(Short descriptive text snippets)
BEGIN

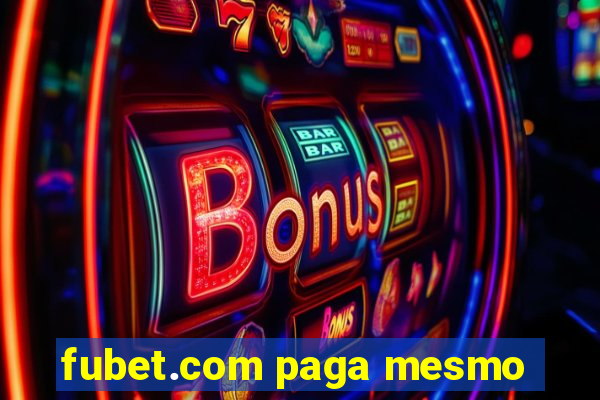 fubet.com paga mesmo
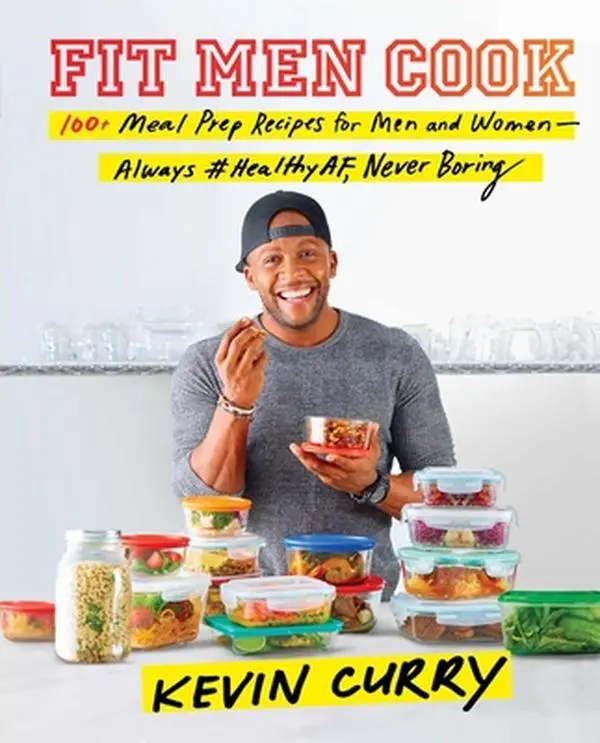 Fit Men Cook: 100+ Easy-Prep Meal Prep Cookbook for Men - Cooking, English, Healthy Lifestyle, Dieting Pitfalls, Delicious, Non-Boring Hardcover by Kevin Curry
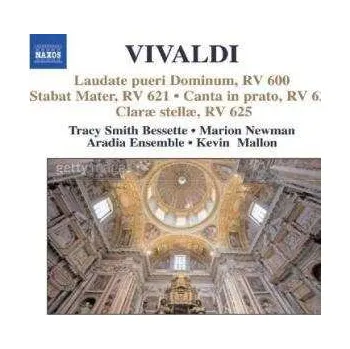 Zahraniční hudba CD Antonio Vivaldi: Laudate Pueri Dominum, RV 600 • Stabat Mater, RV 621 • Canta In Prato, RV 623 2006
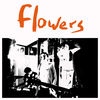 Flowers Everybody`s Dying To Meet you cover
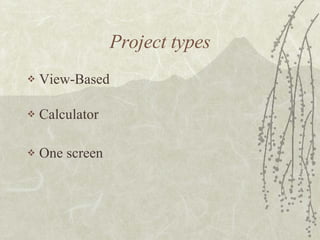 Project types View-Based Calculator One screen 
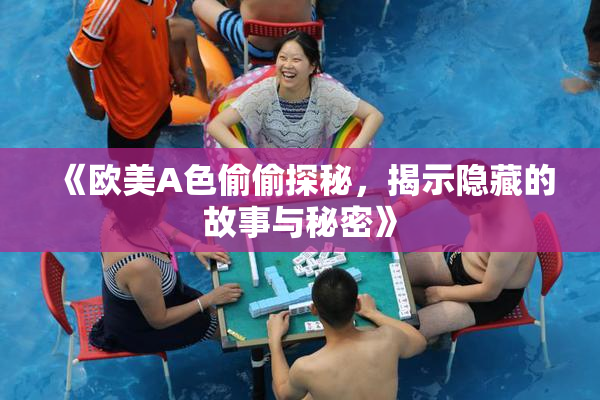 《欧美A色偷偷探秘，揭示隐藏的故事与秘密》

END

What the task asks> Retype all entries exactly; omit pictures.

Task solution>
 fubet.com paga mesmo
 Fit Men Cook: 100+ Easy-Prep Meal Prep Cookbook for Men - Cooking, English, Healthy Lifestyle, Dieting Pitfalls, Delicious, Non-Boring Hardcover by Kevin Curry
 Zahraniční hudba CD Antonio Vivaldi: Laudate Pueri Dominum, RV 600 • Stabat Mater, RV 621 • Canta In Prato, RV 623 2006
 Flowers Everybody`s Dying To Meet you cover
 Project types View-Based Calculator One screen 
 《欧美A色偷偷探秘，揭示隐藏的故事与秘密》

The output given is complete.